Moore received regular but limited playing time during his first two seasons. To get more chances in his third season, the Bearcats need him to take a few steps forward.

COLLEGE BASKETBALL: FEB 27 Cincinnati at SMU

The second year of a college basketball player’s career can sometimes be a very telling one. Year two is when the breakout occurs for some or when the dreaded sophomore slump sets in for others. At the very least, you’d expect to see some sort of progression or regression. That’s not exactly what the Cincinnati Bearcats got from Trevor Moore last season.

When he first stepped on the floor as a freshman for the 2017-18 season, Moore worked himself right into the regular rotation and became a valuable reserve player on the perimeter. Although his playing time waned to a degree in the last couple months of the campaign, he displayed promise. During the 2018-19 season, Moore continued to get the same types of opportunities but no more. The 6’5” guard/forward averaged 12 minutes per game across 35 contests as a freshman and then averaged 11.9 minutes across 34 outings as a sophomore.

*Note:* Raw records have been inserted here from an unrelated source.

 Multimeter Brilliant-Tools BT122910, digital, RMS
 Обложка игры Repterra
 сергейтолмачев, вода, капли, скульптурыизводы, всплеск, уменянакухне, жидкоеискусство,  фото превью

There are two ways to look at the lack of increase in his playing time. On one hand, the Bearcats were a pretty deep team and Moore might have just been a victim of there just not being enough minutes to go around. However, you could also argue that the fact that he did not take a significant step forward held him back. Its tough to tell exactly, since the smaller sample of his work makes the numbers less reliable, but there were some areas where he clearly struggled and some where he improved.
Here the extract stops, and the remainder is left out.